Frequently Asked Questions (FAQs)

  1. What is the applicable limit for stock audits?

    Bankers appoint chartered accounting firms on a regular basis to conduct stock audits, significantly when the exposure exceeds the predetermined threshold limit (typically over Rs. 100 Lacks), to verify the authenticity and accuracy of such statements. Stock and debtors are the primary security, so bankers appoint these firms to ensure that the statements are true and accurate.

  2. What is the minimum limit for a stock audit?

    1 to 5 billion rupees. Cooperative banks often use stock audits for exposures over $1,000,000, and Nationalised banks typically use stock audits for directions over $5,000,000. Some banks are more cautious when it comes to stock audits.

  3. Is it compulsory to audit stocks?

    A stock audit must be performed at the borrower’s location for obvious reasons. However, it is necessary to study the organisation, its banking activities, and its financial concerns before visiting the borrower.

  4. Who is required to get the stock audit done?

    Every corporate organisation must undergo stock auditing at least once a year as a regulation requirement. The foremost step in the stock audit technique is to count the actual stock that is shown in the specified areas and compare it to the computed store that the company has.

  5. What is a stock audit?

    A stock audit, which can also be addressed as an inventory audit, is the procedure used to confirm that the items actually present in your store’s warehouse match the data recorded in the stock register.

  6. What is the purpose of a stock audit?

    A stock audit’s main objective is to compare financial data with actual counts, as was already said. Auditors monitor the inventory counting procedure when conducting a stock audit to ensure it is carried out effectively.

  7. How is a stock audit done?

    Taking physical counts of the inventory in your warehouse and comparing the results to what is displayed in your system constitute the inventory count audit procedure. You can use a barcode scanner to assist you in physically counting the objects.

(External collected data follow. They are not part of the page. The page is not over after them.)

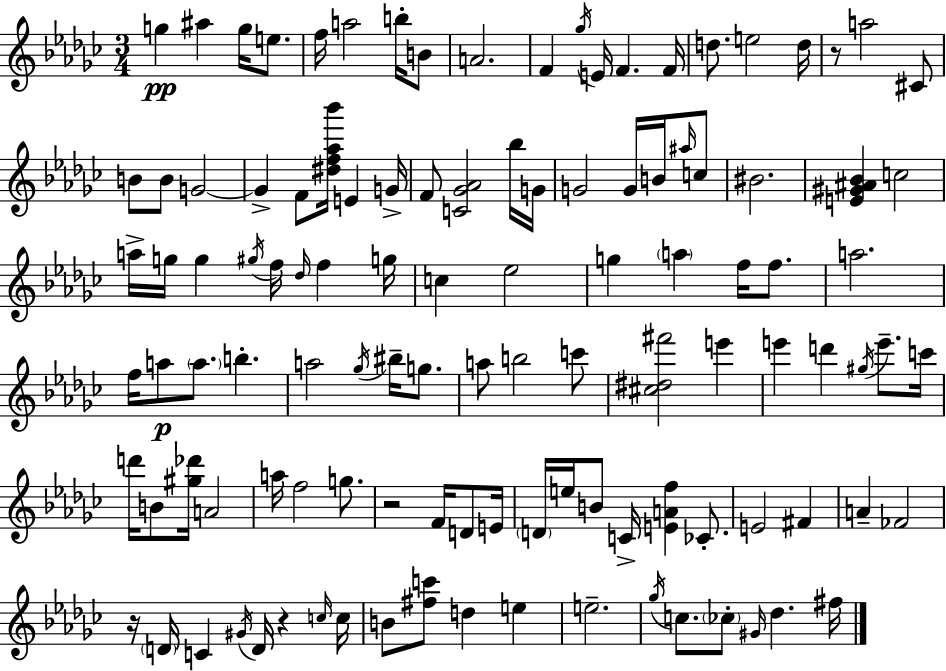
G5/q A#5/q G5/s E5/e. F5/s A5/h B5/s B4/e A4/h. F4/q Gb5/s E4/s F4/q. F4/s D5/e. E5/h D5/s R/e A5/h C#4/e B4/e B4/e G4/h G4/q F4/e [D#5,F5,Ab5,Bb6]/s E4/q G4/s F4/e [C4,Gb4,Ab4]/h Bb5/s G4/s G4/h G4/s B4/s A#5/s C5/e BIS4/h. [E4,G#4,A#4,Bb4]/q C5/h A5/s G5/s G5/q G#5/s F5/s Db5/s F5/q G5/s C5/q Eb5/h G5/q A5/q F5/s F5/e. A5/h. F5/s A5/e A5/e. B5/q. A5/h Gb5/s BIS5/s G5/e. A5/e B5/h C6/e [C#5,D#5,F#6]/h E6/q E6/q D6/q G#5/s E6/e. C6/s D6/s B4/e [G#5,Db6]/s A4/h A5/s F5/h G5/e. R/h F4/s D4/e E4/s D4/s E5/s B4/e C4/s [E4,A4,F5]/q CES4/e. E4/h F#4/q A4/q FES4/h R/s D4/s C4/q G#4/s D4/s R/q C5/s C5/s B4/e [F#5,C6]/e D5/q E5/q E5/h. Gb5/s C5/e. CES5/e G#4/s Db5/q. F#5/s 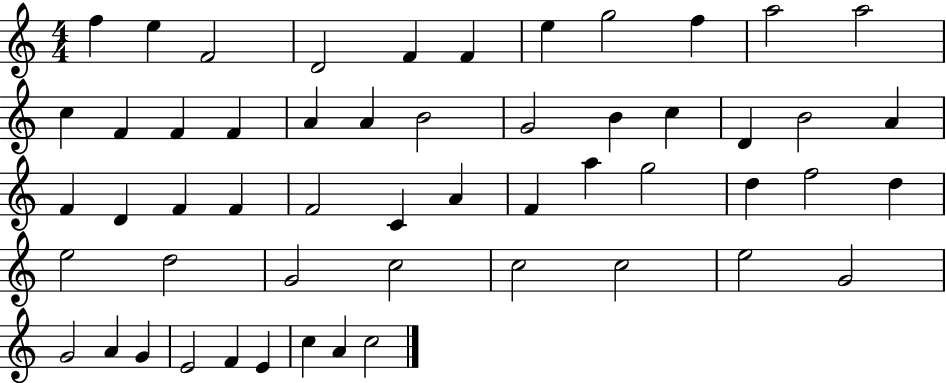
X:1
T:Untitled
M:4/4
L:1/4
K:C
f e F2 D2 F F e g2 f a2 a2 c F F F A A B2 G2 B c D B2 A F D F F F2 C A F a g2 d f2 d e2 d2 G2 c2 c2 c2 e2 G2 G2 A G E2 F E c A c2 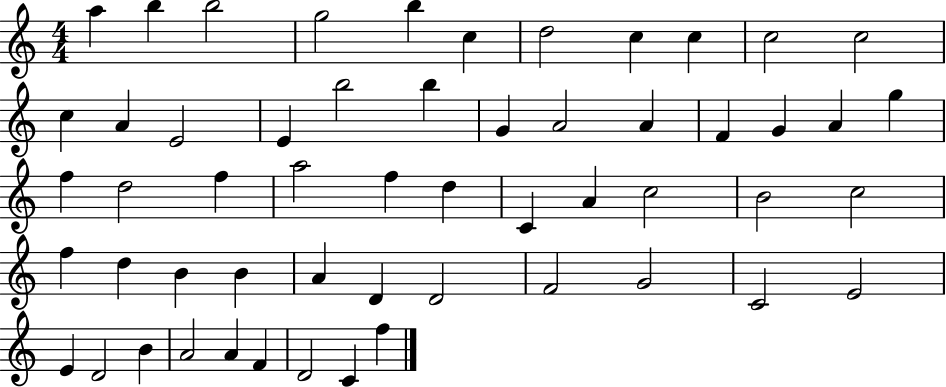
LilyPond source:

{
  \clef treble
  \numericTimeSignature
  \time 4/4
  \key c \major
  a''4 b''4 b''2 | g''2 b''4 c''4 | d''2 c''4 c''4 | c''2 c''2 | \break c''4 a'4 e'2 | e'4 b''2 b''4 | g'4 a'2 a'4 | f'4 g'4 a'4 g''4 | \break f''4 d''2 f''4 | a''2 f''4 d''4 | c'4 a'4 c''2 | b'2 c''2 | \break f''4 d''4 b'4 b'4 | a'4 d'4 d'2 | f'2 g'2 | c'2 e'2 | \break e'4 d'2 b'4 | a'2 a'4 f'4 | d'2 c'4 f''4 | \bar "|."
} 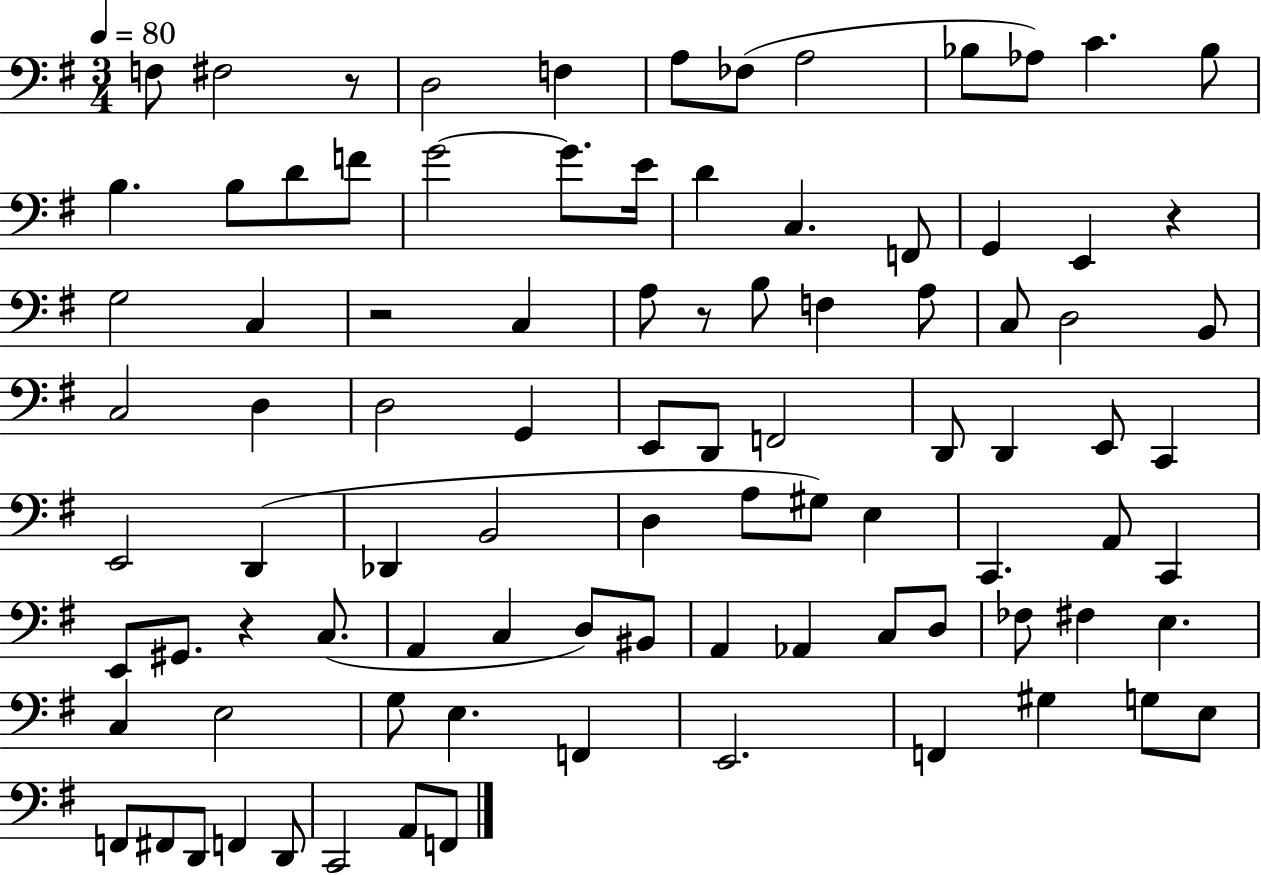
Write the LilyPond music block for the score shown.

{
  \clef bass
  \numericTimeSignature
  \time 3/4
  \key g \major
  \tempo 4 = 80
  f8 fis2 r8 | d2 f4 | a8 fes8( a2 | bes8 aes8) c'4. bes8 | \break b4. b8 d'8 f'8 | g'2~~ g'8. e'16 | d'4 c4. f,8 | g,4 e,4 r4 | \break g2 c4 | r2 c4 | a8 r8 b8 f4 a8 | c8 d2 b,8 | \break c2 d4 | d2 g,4 | e,8 d,8 f,2 | d,8 d,4 e,8 c,4 | \break e,2 d,4( | des,4 b,2 | d4 a8 gis8) e4 | c,4. a,8 c,4 | \break e,8 gis,8. r4 c8.( | a,4 c4 d8) bis,8 | a,4 aes,4 c8 d8 | fes8 fis4 e4. | \break c4 e2 | g8 e4. f,4 | e,2. | f,4 gis4 g8 e8 | \break f,8 fis,8 d,8 f,4 d,8 | c,2 a,8 f,8 | \bar "|."
}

  8. What is a stock audit in banks?

    The stock audit entails a review of the borrower’s most recent stock and debtor information, and the report should preferably include the stock and debtor position as of the visit date.

  9. Who is required to do a stock audit?

    Every company must conduct a stock audit at least once a year to confirm and update the physical and computed stock’s accuracy.

  10. Who is responsible for stock audit?

    To ensure the accuracy of the listed information, inventory auditors check and validate inventory data. In order to identify any discrepancies, they examine and analyse inventory documentation before comparing it to actual stock or other data. They might use a handheld scanner or another technology to physically count the supply of objects.

  11. Who can do the stock audit in India?

    The auditor should be a qualified member of the Institute of Chartered Accountants of India, the Institute of Cost Accountants of India, or a firm of such members.

  12. What is the mandatory limit for stock audits?

    Bankers hire empanelled chartered accounting firms to conduct stock audits when the exposure (credit facilities) exceeds the predetermined threshold limit, which is typically over INR 5 Crores. This is done to ensure the authenticity and accuracy of the statements made in relation to stock and debtors, which are the primary security.

  13. What is the applicability of audit reports?

    If a person is in business and their annual revenue surpasses Rs. 1 Crore, they must undergo an audit.

  14. Who is applicable for the audit report?

    The following individuals must have their accounts audited under clause 44AB: A person is considered to be in business if their annual gross sales, turnover, or gross receipts (as applicable) total more than Rs. 1 crore.

  15. What is the applicability of statutory audit reports?

    Every corporation must perform a statutory audit, even if there is no revenue. Contrarily, every organisation whose yearly revenue exceeds $1,000,000 and/or whose gross receipts exceed Rs 25,000 lakh must conduct a tax audit.